Conte d’un chef (pas si) ordinaire #Mauro Colagreco

Par Catherine Lasserre - 13 déc. 2018
Portrait

Mauro Colagreco est le chef du Mirazur, restaurant situé dans la ville de Menton, depuis plus d’une décennie. Qui est-il ? Voici son histoire. Racontée par lui-même.

Crédits : DR - Eduardo TorresMauro Colagreco ou l'amour du produit et de la nature

Mirazur, mon restaurant 2 étoiles a été élue 3ème meilleur resto au monde par The Worlds 50 best Pas mal, pour un garçon qui se destinait à suivre les pas de son père… comptable !

Au fait, je suis Mauro Colagreco, le plus français des chefs argentins ou le plus argentins des chefs français, comme vous voulez.

Si je devais me décrire en 3 mots : - Travailleur - Persévérant - Têtu

Et ma cuisine en 1 seul mot ? Lumineuse.

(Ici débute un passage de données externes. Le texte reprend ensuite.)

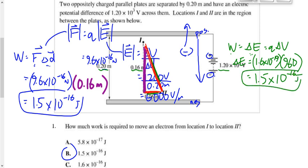Either way — using W = F×d or W = ΔE (the work-energy theorem) — we get the same answer: 1.5×10⁻¹⁶ joules. Key point: for F×d, force and displacement must be parallel. For q×ΔV, the potential difference used must be proportional to the fraction of the total distance the particle actually traveled.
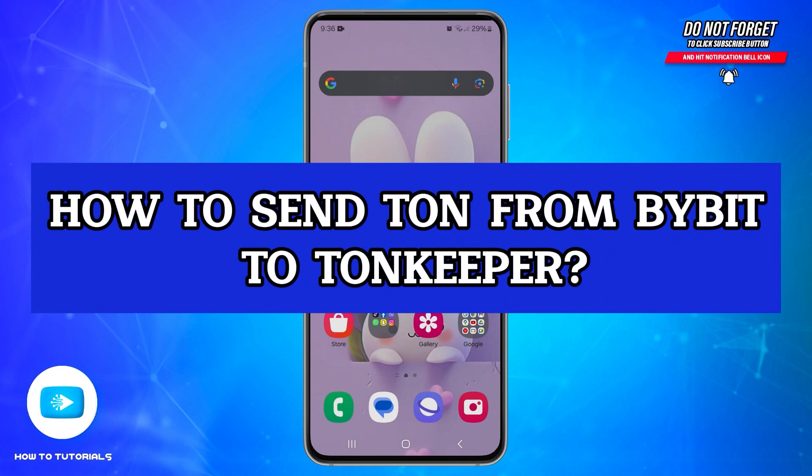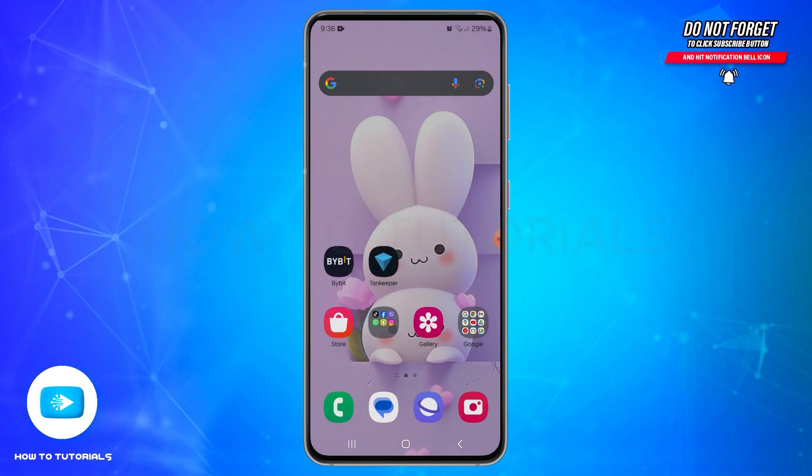Welcome to our YouTube channel How-To Tutorials. In today's video, I'm going to show you how you can send TON from Bybit to your TonKeeper wallet.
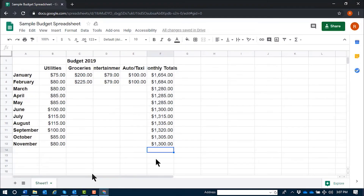If you prefer to type in your functions and formulas manually, the syntax is very similar to that of Microsoft Excel. When typing in a formula, it always starts with an equal sign. Then, if I know my cell coordinates, I can just type it in. For example, if we'd like to find the average of our monthly totals.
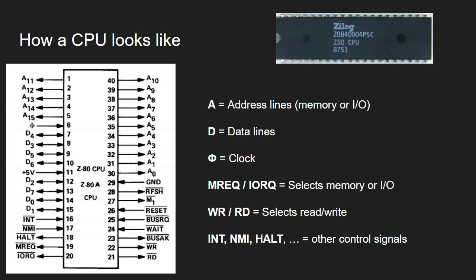This is a schematic of a Z80 CPU. As you can see in this connection diagram it has a number of address lines. At this moment it is not important how many address lines but there are address lines, there are data lines noted with D. Both the address lines and data lines allow transfer to and from the memory but also to and from peripheral devices.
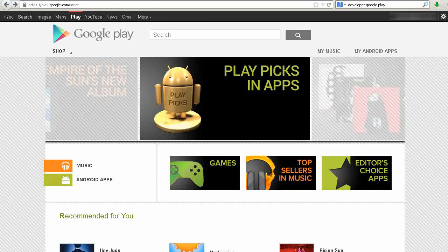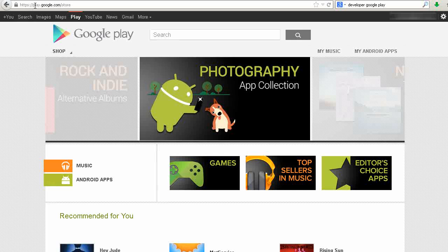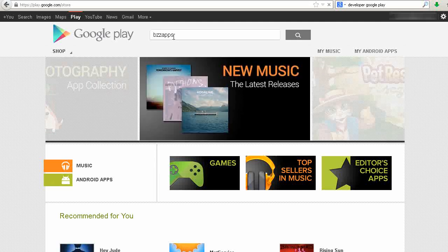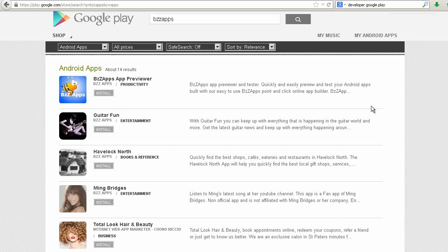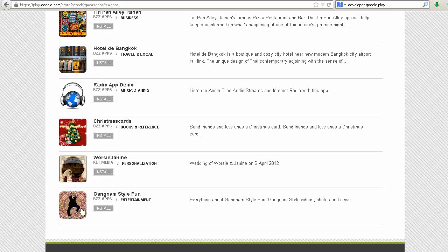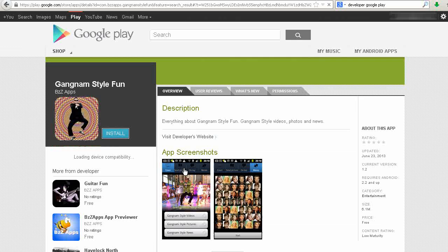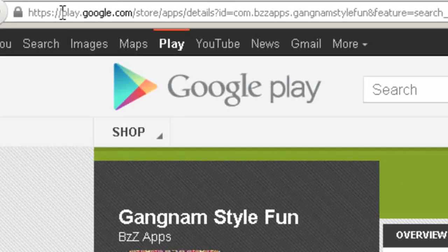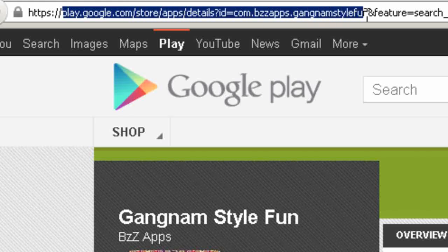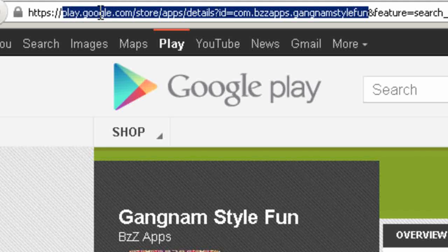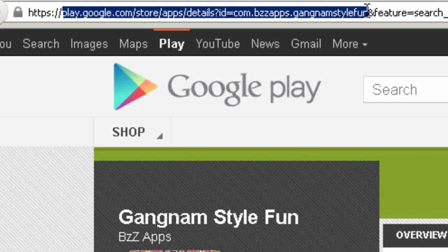Now I've already published the app and it's in Google Play. And of course publishing to Google Play is already covered in another video, so I'm not going to repeat it here. So let's go to Google Play and get our market URL. So let's go to play.google.com/store. And I'll just quickly find it. And here's our app here. We'll just click on that link. Now the part of the URL we want is this play all the way up to before the end feature. So just between that, play.google.com/store/apps/details?id=. In this case it's com.buzzapps.gannamstylefun. So we're going to copy that.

Tout simplement.

« Pourquoi avoir choisi la cuisine ? » C’est la question que l’on me pose tout le temps. Moi aussi à vrai dire. La famille a sans doute joué un rôle déterminant...

Mon enfance. Certainement. De là viennent mes deux premières émotions culinaires Je me souviens des raviolis fantastiques de ma grand-mère Amalia, qui faisait une farce à base de cervelle et d’épinards, servis avec une délicieuse sauce tomate. Ou du potager de mon père : j’ai encore en bouche le goût de cette tomate toute chaude qui venait juste d’être cueillie...

Vous l’aurez compris, la tomate est mon produit fétiche. J’en cultive d’ailleurs 35 variétés dans mon potager pendant l’été. On la travaille crue, cuite, glacée… On l’exprime dans toutes ses formes au restaurant.

Crédits : DR - Eduardo TorresLe potager du restaurant Mirazur qui surplombe la ville de Menton

Deux ans après l’ouverture du Mirazur, j’avais besoin d’avoir les produits sous la main. J’ai toujours eu envie d’avoir un potager, il est maintenant le pilier de notre cuisine. Et je ne pourrais pas m’en passer…

Tout comme Menton, cette ville dans laquelle je n’avais jamais mis les pieds avant. Ce fut la plus belle opportunité de ma vie. À 29 ans. Un choc. Je me sens désormais enraciné.

Et le potager a été la meilleure façon de m’y ancrer en suivant le rythme des saisons. Naturellement. Car la saisonnalité n’est pas une contrainte mais une forme de liberté Je façonne ma cuisine à partir des produits qui sont à ma disposition Ceux sont eux qui dictent mes menus, d’où l’absence de cartes au Mirazur Je n’ai pas voulu m’attacher à ce qu’il y a d’écrit sur un bout de papier.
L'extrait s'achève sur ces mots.